* Problem description
Please output the line containing "The Declaration of" and all lines that follow it in the data below, exactly, with no pictures.

* Provided entries
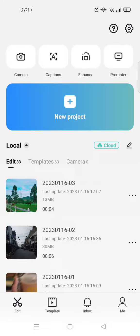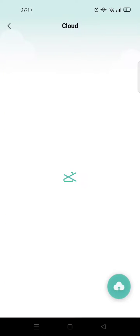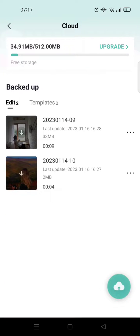Hi guys, welcome back to this channel. On today's video, I'm gonna show you how you can upgrade your CapCut cloud. After you open CapCut, you just need to click on the cloud here, and then you'll be directed to the cloud page. As you know, CapCut only offers you free storage of 512 megabytes.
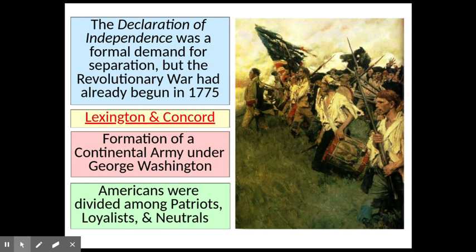The Declaration of Independence is a formal demand for separation. But the Revolutionary War had already started back with Lexington and Concord outside of Boston.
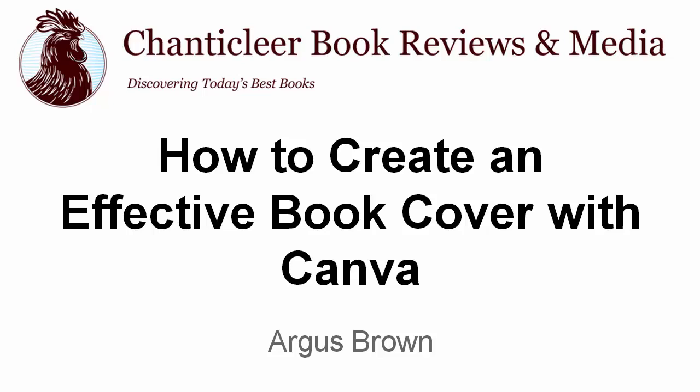Hi, my name is Argus Brown and I'm with Chanticleer Book Reviews and Media. Today we want to talk about how to create an effective book cover using Canva.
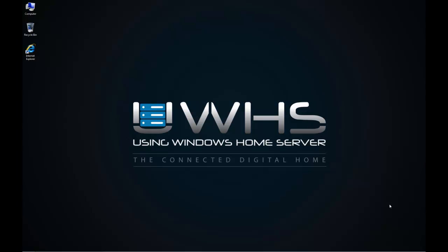OK, so now that Windows Home Server 2011 is installed and up and running, we need to connect our computers to it and install the dashboard, should we need to use that.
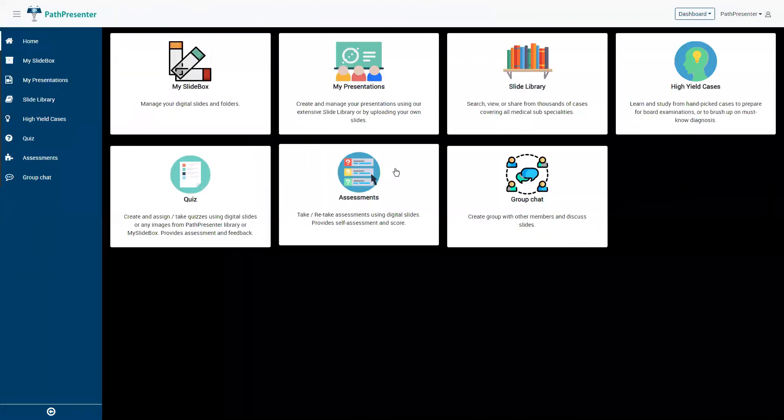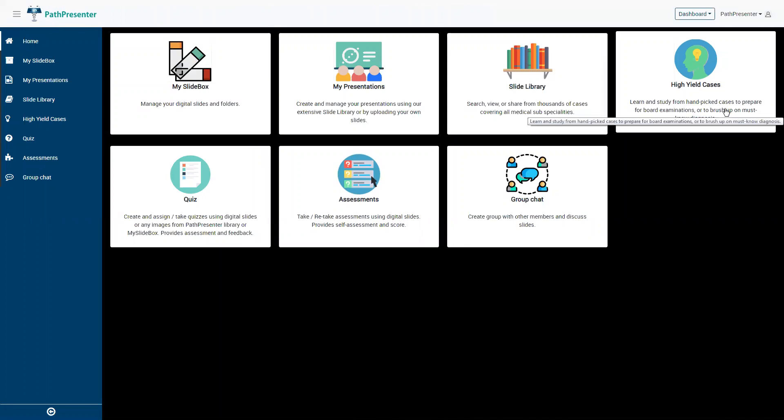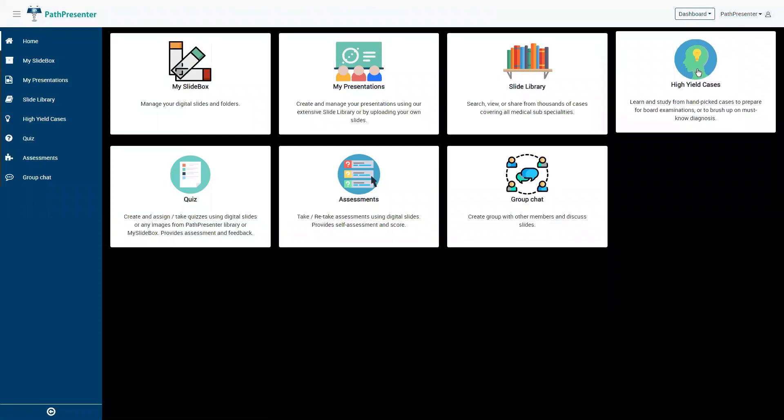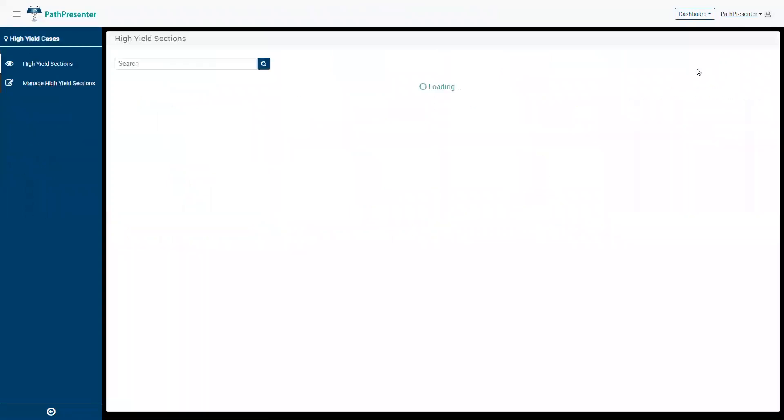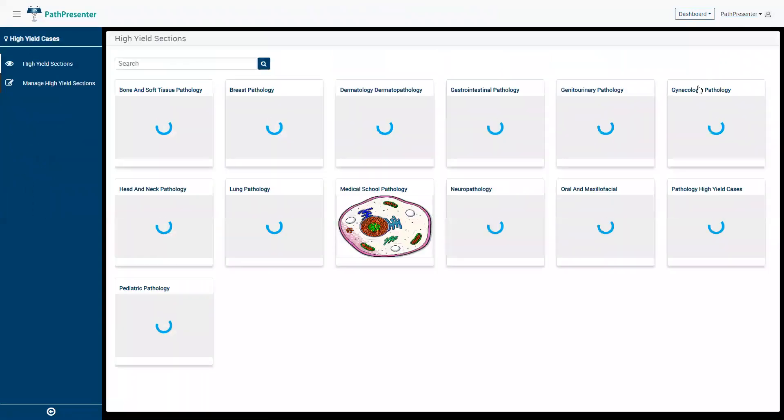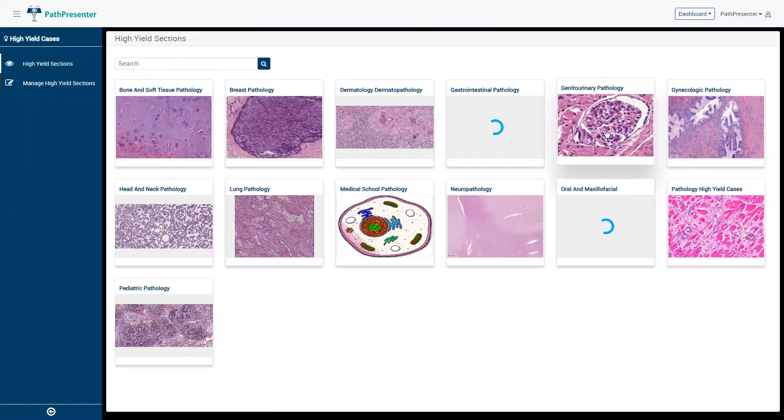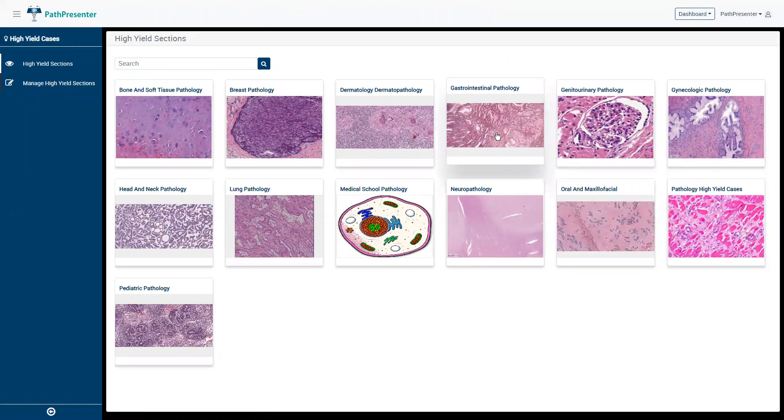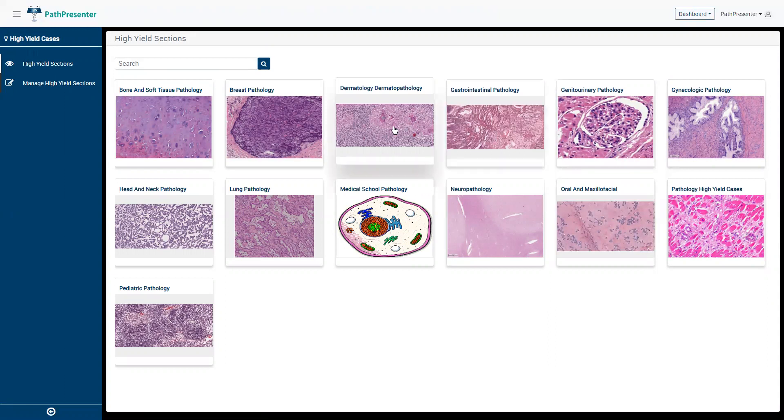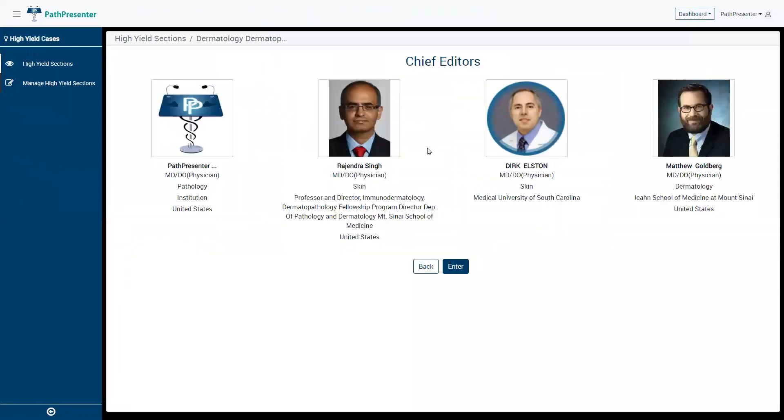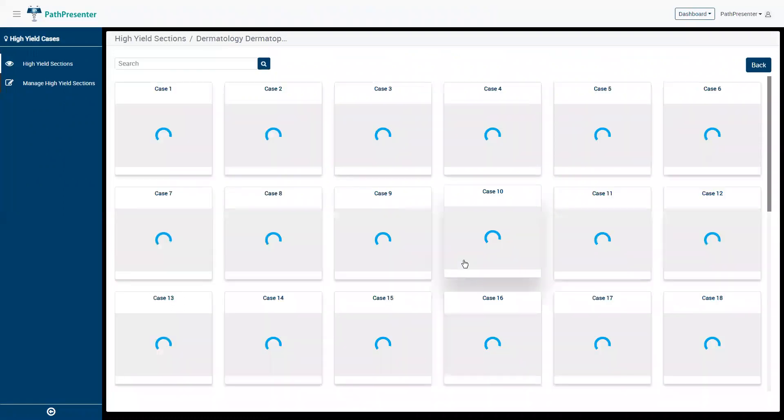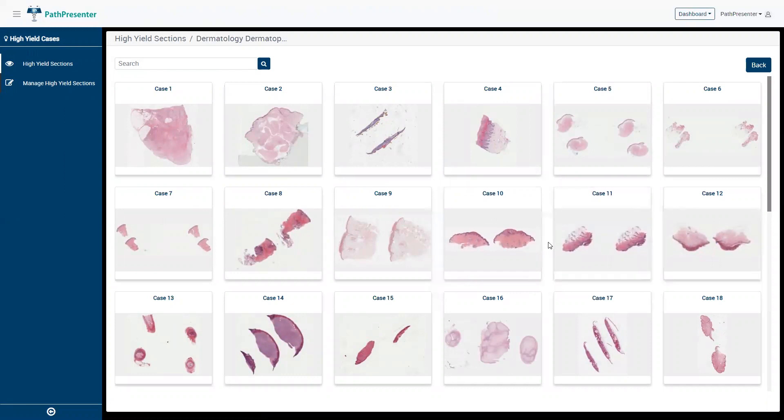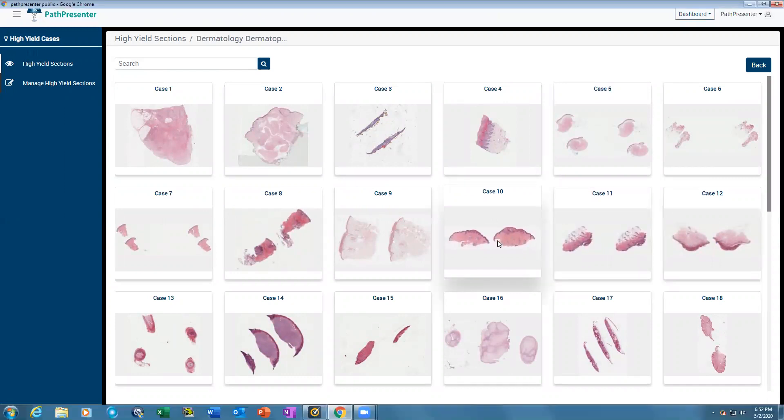The high yield section allows creation of self-learning modules that simulate being taught on a multi-headed scope. We've created high yield sections: GU by Ohio State, GI by Harvard, and dermpath. These are handpicked cases every resident should know before finishing residency. Residents can open this on their own or as a group and project on screen.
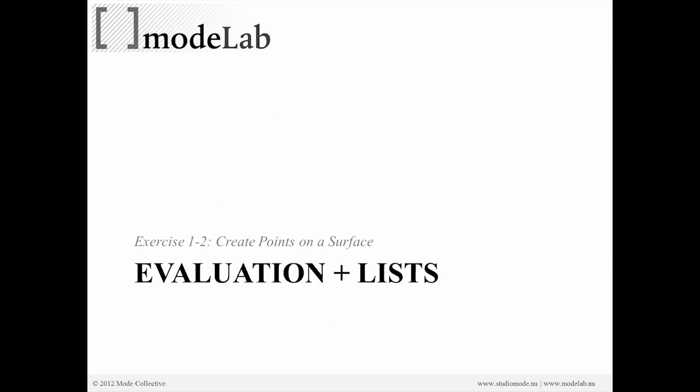Okay, so we just created a grid of points in the X and Y directions. Now let's modify our script and use a different type of input so that we can create points on a surface.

* Response to the task
The Declaration of Independence is a formal demand for separation. But the Revolutionary War had already started back with Lexington and Concord outside of Boston.
Hi, my name is Argus Brown and I'm with Chanticleer Book Reviews and Media. Today we want to talk about how to create an effective book cover using Canva.
OK, so now that Windows Home Server 2011 is installed and up and running, we need to connect our computers to it and install the dashboard, should we need to use that.
The high yield section allows creation of self-learning modules that simulate being taught on a multi-headed scope. We've created high yield sections: GU by Ohio State, GI by Harvard, and dermpath. These are handpicked cases every resident should know before finishing residency. Residents can open this on their own or as a group and project on screen.
Okay, so we just created a grid of points in the X and Y directions. Now let's modify our script and use a different type of input so that we can create points on a surface.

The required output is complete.